In school settings, there are two main aspects on which to focus when supporting survivors of domestic violence. The first of these items is how to appropriately aid with and implement effective safety planning within your school for the child(ren) involved. The second essential item is taking the time to learn about the impact of violence and trauma on families. Developing adequate empathy and communication skills for emotionally supporting survivors is essential for helping them heal and establish a new sense of safety.
ORDERS OF PROTECTION WITHIN SCHOOLS
What do you do if a parent drops off a copy of an Order of Protection to the school office? There are several reasons it may be important for the school to have this document and engage in conversation with the parent as to how to best handle the situation. Safety planning will vary depending upon who the Order of Protection is filed against.

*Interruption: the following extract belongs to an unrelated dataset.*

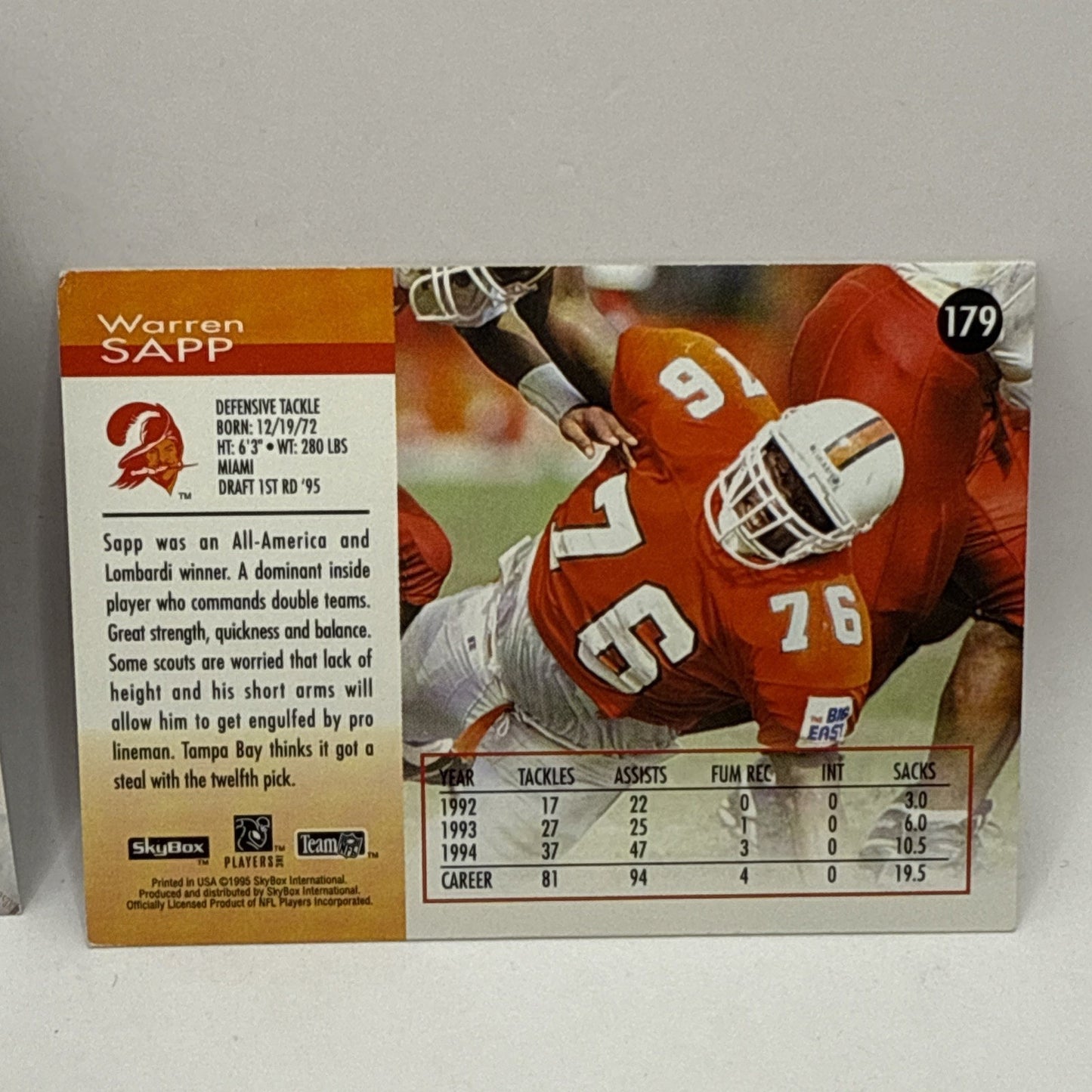 1995 SkyBox Warren Sapp ROOKIE Tampa Bay Buccaneers #179 HOF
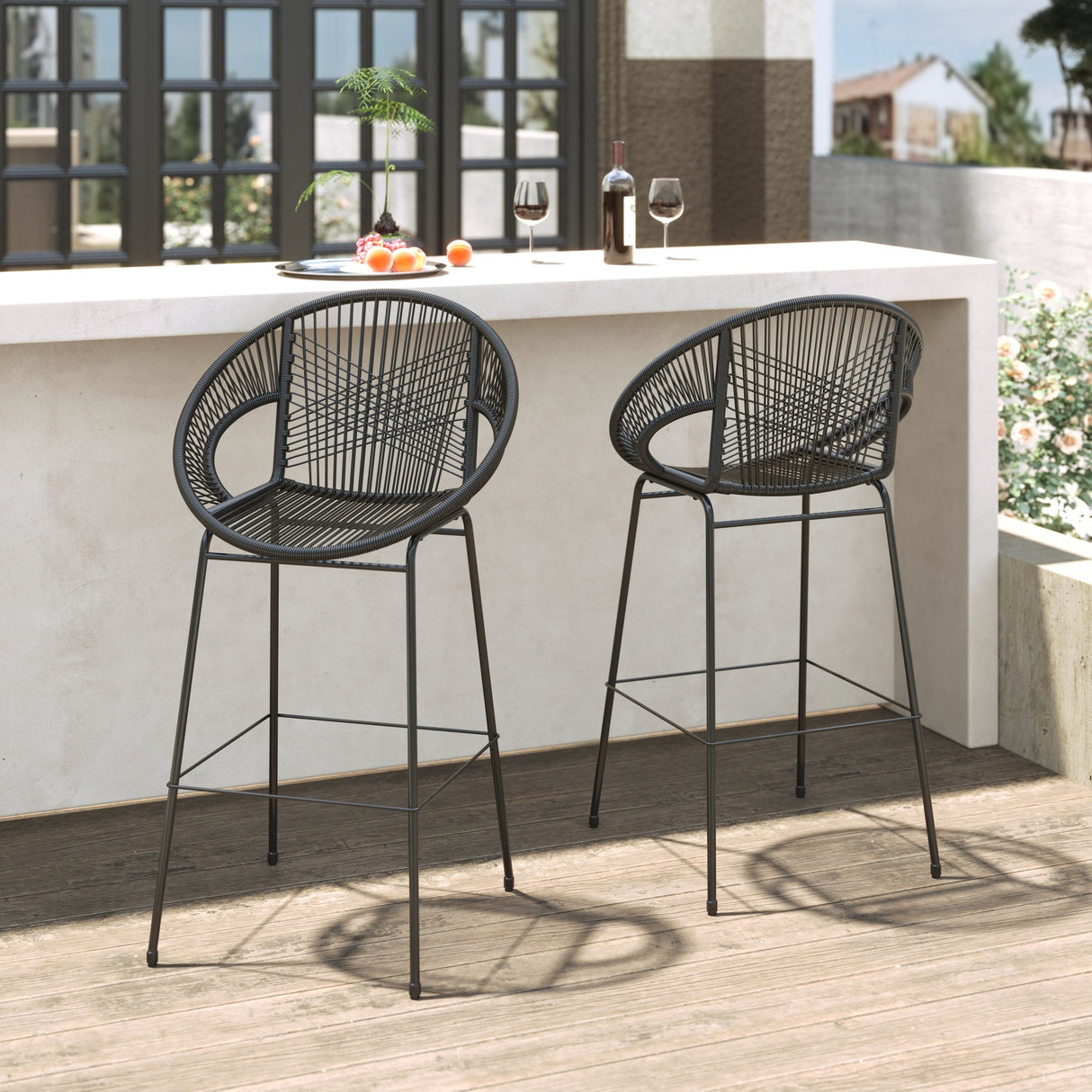 Ferrara Outdoor Patio Barstool Set of 2 - Black Faux Wicker PE Rattan with Iron Frame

When an Order of Protection is filed against a child’s parent:
- Custody conditions – An Order of Protection may establish a custody agreement (though a custody agreement in family court would override this). The school must know if one parent is court ordered to only have access to their child(ren) at specific times (or court ordered to have no contact with the children at all). If the parent the Order is filed against tries to pick up their child(ren) from school and this conflicts with the Order of Protection, the child(ren) should not be released to the parent.
- Child Orders of Protection – A parent may file a Child Order of Protection on behalf of their child. In this case, the Order of Protection is directly protecting the child (rather than one parent from another with conditions that additionally impact the child). A Child Order of Protection will have clear conditions as well, thus having a copy of this will help the school know who should not be permitted access to the child.
When an Order of Protection is filed against an adult who is not a parent:
- Review your school’s procedure for handling non-authorized adults on campus. Be prepared in case the adult shows up looking for the child for the sake of harming the child or to use as a threat against the child’s parent.
When an Order of Protection is filed against another student:
- A Child Order of Protection may be filed to protect one student from another. This can be tricky to enforce on campus due to the frequently close proximity of students. Though this can take quite a bit of creativity and extra work for school faculty, it is essential to prioritize student safety and emotional well-being in order to establish an environment in which students can sufficiently grow and learn. Class schedules may have to be adjusted, teachers consulted, etc. Involving the parent and the child in this planning is crucial for developing a sense of safety and empowerment for the child. The student against whom the Order is filed additionally has a legal right to go to school, thus some flexibility with the Order of Protection may be discussed at court specifically related to how it will function on the school campus.